Tasks

What are tasks, and how do they work in Sykdomspulsen Core?

true
2021-05-26

Introduction

A task is the basic operational unit of Sykdomspulsen Core. It is based on plnr.

In short, you can think of a Sykdomspulsen Core task as multiple plnr plans plus Sykdomspulsen Core db schemas.

Definitions

Object Description
argset A named list containing arguments.
plnr analysis These are the fundamental units that are scheduled in plnr:
  • 1 argset
  • 1 function that takes two (or more) arguments:
    • data (named list)
    • argset (named list)
    • … (optional arguments)
data_selector_fn A function that takes two arguments:
  • argset (named list)
  • schema (named list)
This function provides a named list to be used as the data argument to action_fn
action_fn A function that takes three arguments:
  • data (named list, returned from data_selector_fn)
  • argset (named list)
  • schema (named list)
This is the thing that ‘does stuff’ in Sykdomspulsen Core.
sc analysis A sc analysis is essentially a plnr analysis with database schemas:
  • 1 argset
  • 1 action_fn
plan
  • 1 data-pull (using data_selector_fn)
  • 1 list of sc analyses
task This is is the unit that Airflow schedules.
  • 1 list of plans
We sometimes run the list of plans in parallel.

General tasks

A general task showing the many options of a task.

Figure 1: A general task showing the many options of a task.

Figure 1 shows us the full potential of a task.

Data can be read from any sources, then within a plan the data will be extracted once by data_selector_fn (i.e. “one data-pull”). The data will then be provided to each analysis, which will run action_fn on:

The action_fn can then:

Typically only a subset of this would be done in a single task.
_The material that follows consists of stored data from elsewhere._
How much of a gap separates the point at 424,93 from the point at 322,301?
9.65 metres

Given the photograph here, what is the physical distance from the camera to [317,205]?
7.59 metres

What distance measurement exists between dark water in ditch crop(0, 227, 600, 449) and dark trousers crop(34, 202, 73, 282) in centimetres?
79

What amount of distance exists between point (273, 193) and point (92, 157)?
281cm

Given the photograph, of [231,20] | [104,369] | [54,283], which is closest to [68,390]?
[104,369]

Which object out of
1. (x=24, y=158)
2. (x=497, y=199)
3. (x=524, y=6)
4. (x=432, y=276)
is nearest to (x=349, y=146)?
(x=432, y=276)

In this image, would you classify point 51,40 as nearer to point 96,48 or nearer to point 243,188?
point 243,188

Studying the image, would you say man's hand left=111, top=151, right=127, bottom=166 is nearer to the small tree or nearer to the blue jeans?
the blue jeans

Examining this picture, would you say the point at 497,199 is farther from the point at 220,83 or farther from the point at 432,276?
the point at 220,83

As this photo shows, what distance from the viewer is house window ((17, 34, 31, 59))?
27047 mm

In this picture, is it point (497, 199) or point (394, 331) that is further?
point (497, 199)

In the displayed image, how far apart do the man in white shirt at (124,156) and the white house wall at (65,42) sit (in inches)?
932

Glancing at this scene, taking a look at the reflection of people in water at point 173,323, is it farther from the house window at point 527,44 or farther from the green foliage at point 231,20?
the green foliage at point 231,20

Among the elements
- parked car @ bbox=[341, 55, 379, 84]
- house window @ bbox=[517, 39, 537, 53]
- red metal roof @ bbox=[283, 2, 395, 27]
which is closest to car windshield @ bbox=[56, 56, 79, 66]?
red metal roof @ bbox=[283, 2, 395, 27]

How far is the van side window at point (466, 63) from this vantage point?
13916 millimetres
Plan-heavy or analysis-heavy tasks?

A plan-heavy task is one that has many plans and a few analyses per plan.

An analysis-heavy task is one that has few plans and many analyses per plan.

In general, a data-pull is slow and wastes time. This means that it is preferable to reduce the number of data-pulls performed by having each data-pull extract larger quantities of data. The analysis can then subset the data as required (identifed via argsets). i.e. If possible, an analysis-heavy task is preferable because it will be faster (at the cost of needing more RAM).
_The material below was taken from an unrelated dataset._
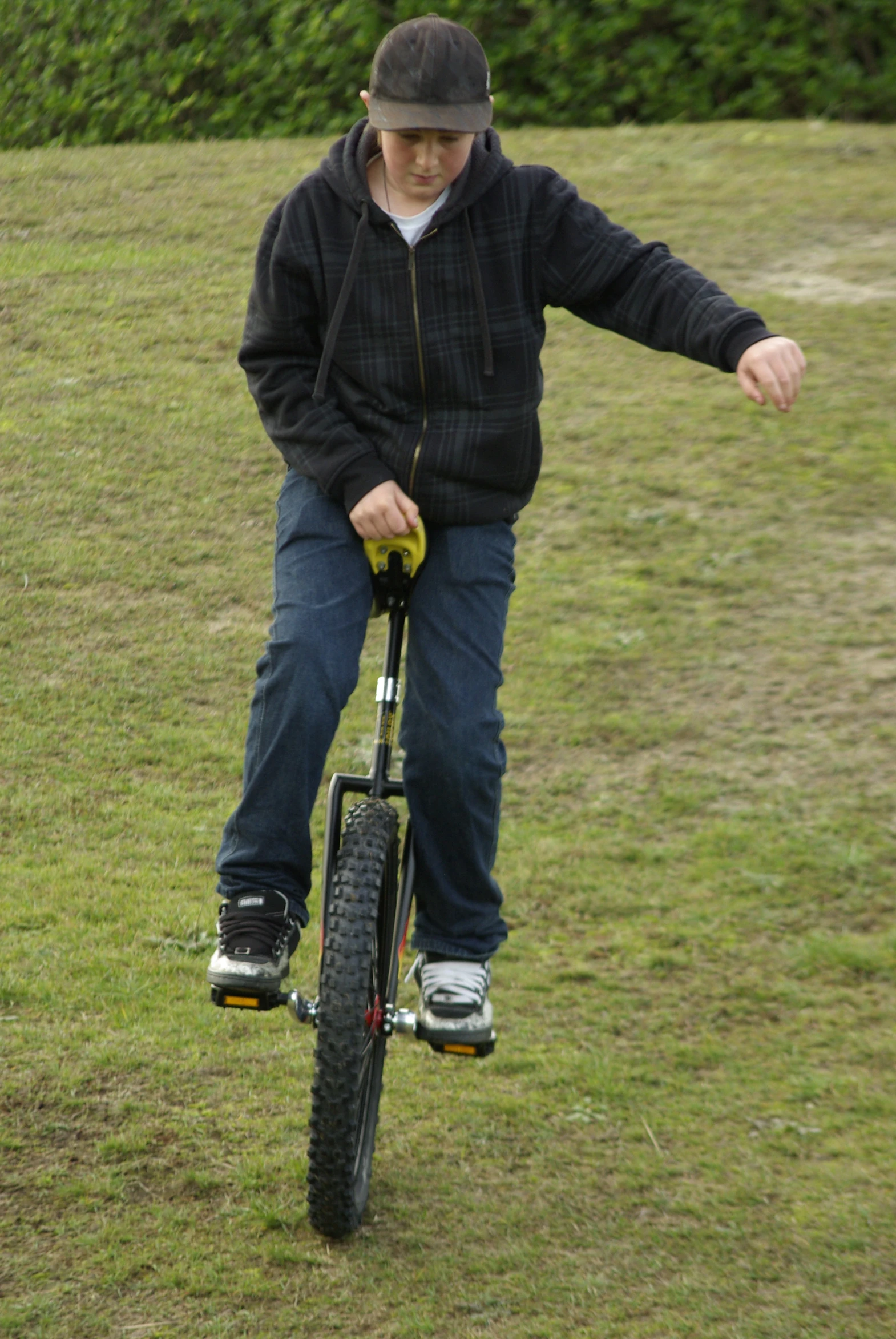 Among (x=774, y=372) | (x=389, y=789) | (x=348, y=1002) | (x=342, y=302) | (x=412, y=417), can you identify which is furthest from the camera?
(x=389, y=789)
Obviously, if a plan’s data-pull is larger, it will use more RAM. If you need to conserve RAM, then you should use a plan-heavy approach.
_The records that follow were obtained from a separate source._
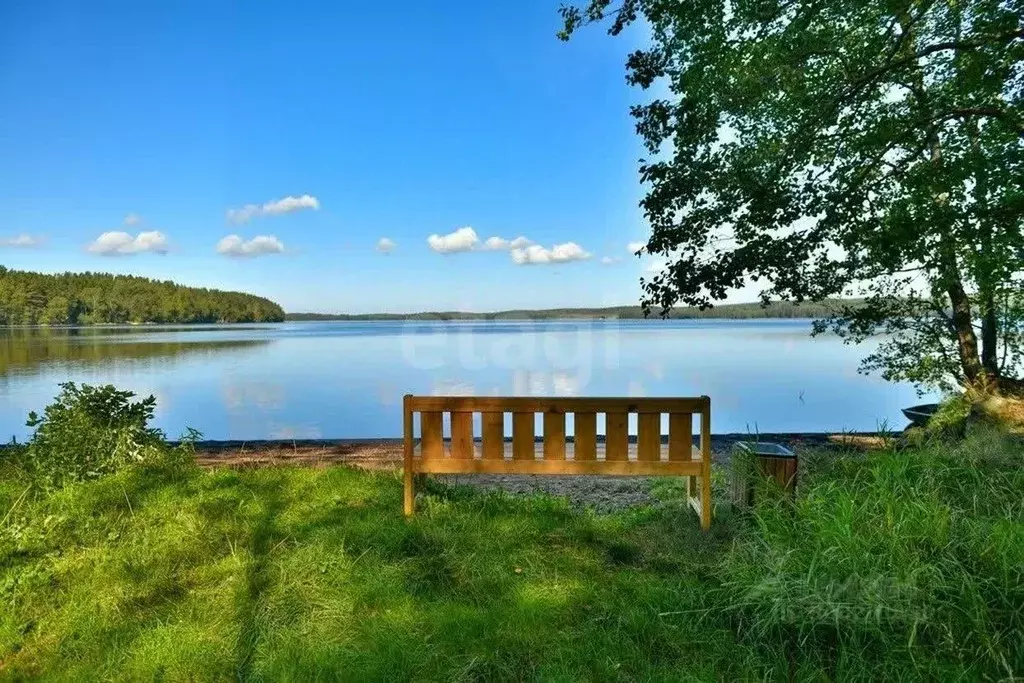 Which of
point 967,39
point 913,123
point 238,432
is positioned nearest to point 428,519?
point 913,123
Figure 1 shows only 2 location based analyses, but in reality there are 356 municipalities in Norway in 2021. If figure 1 had 2 plans (1 for 2021 data, 1 for 2020 data) and 356 analyses for each plan (1 for each location_code) then we would be taking an analysis-heavy approach.

Putting it together

A typical file setup for an implementation of Sykdomspulsen Core. `plan_argset_fn` is rarely used, and is therefore shown as blacked out in the most of the tasks.

Figure 2: A typical file setup for an implementation of Sykdomspulsen Core. plan_argset_fn is rarely used, and is therefore shown as blacked out in the most of the tasks.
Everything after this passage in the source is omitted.